Looking: The Movie continues this construct, placing it in the neighborhood of gay entertainment (most scenes do admittedly take place at pulsing, sweaty night clubs), while straddling the universality of romance. Are gay people identified solely by their preferred sexual position? (“You come out and everyone is like, oh so you like butt sex now?” Is still my favorite line from this show). Or is it their moment of coming out? Their manner of speech? Looking: The Movie deals in ideas and issues that are undoubtedly gay-specific, but the emotions run far wider than its LGBT agenda. That’s understandably a point of contention for anyone really looking for personal representation and not finding it in Looking‘s narrow, out-of-the-closet, low-BMI, older male leads. But it’s also a noble move on Lannan and Haigh’s part, and a modern TV show at the end of the day; their new movie essentially punctuates the notion that they don’t intend to ever apologize for their creation.

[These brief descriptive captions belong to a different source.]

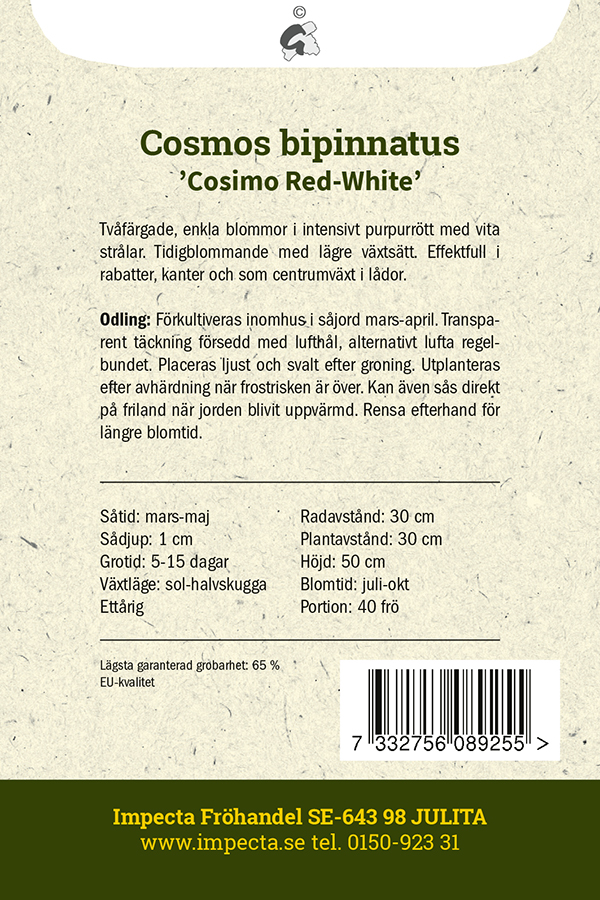 Punakosmoskukka 'Cosimo Red-White'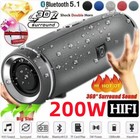 Portable Wireless Bluetooth Subwoofer Speaker Waterproof Loudspeaker Stereo Fm 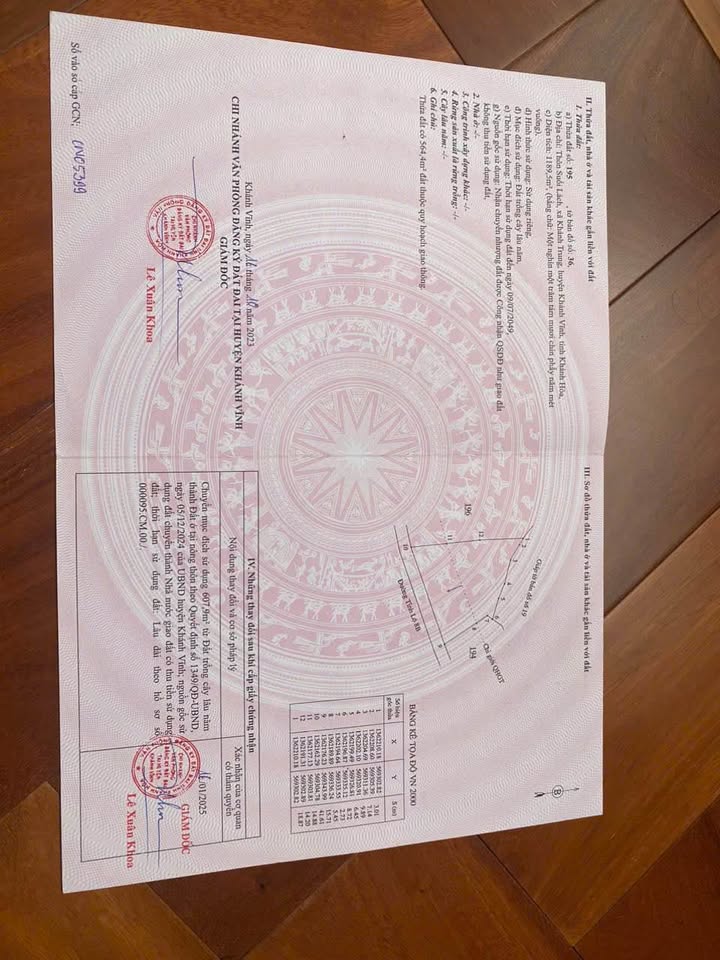 Đất thổ cư 1189m² tại Khánh Trung, Khánh Hòa - Giá chỉ 77.285 tỷ VND!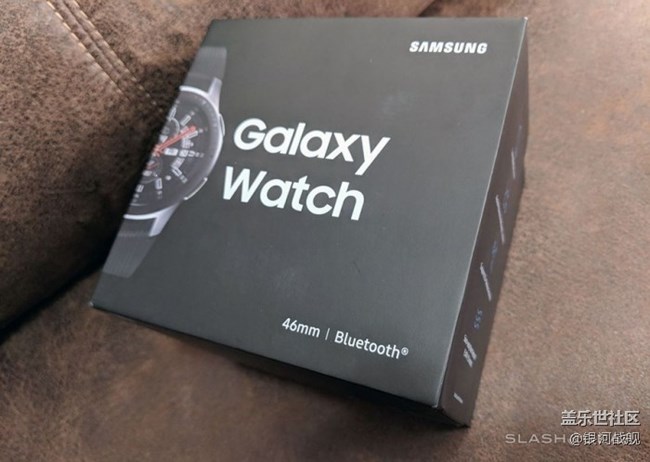 新款Galaxy Watch智能手表開箱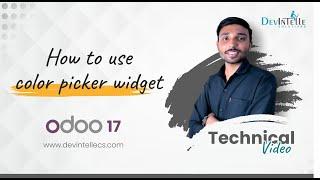 How to use color picker widget in odoo | Color picker in Odoo form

Similarly, it’s especially rewarding when they keep true to the show’s subdued legacy in other aspects, and fade to black on Looking: The Movie‘s very own, dialogue free “You had me at hello.” That’s the point that drives home the frustration with HBO’s ultimate decision: Looking never sought out a status as an important or pivotal entry in the pantheon of television. It just did its own thing, to the chagrin of haters and enthusiasm of viewers who were either in it for the slight weaving of gay politics or simply wanted to hang out with Patrick, Dom, and Agustin around San Francisco for a few hours.
Those who did stick around got the chance to glimpse tiny, truthful moments that do what all good fiction should: justify and reassure that any one experience or belief or idea or action is not singular, it’s shared. Even though it might not have been created for it, Looking could potentially serve as that cornerstone for someone discovering the show down the line, who connects – even in a sense they might not understand – with the furtive, throwaway moments that haven’t become habitual in their own life yet. For a story so preoccupied with being ordinary, it should be awarded – and remembered – for even just being occasionally extraordinary.
Nuanced, compact, and unapologetically romantic (not to mention steamy), Looking: The Movie is everything fans of the series will want from a curtain call that should have ultimately been much farther down the road than this.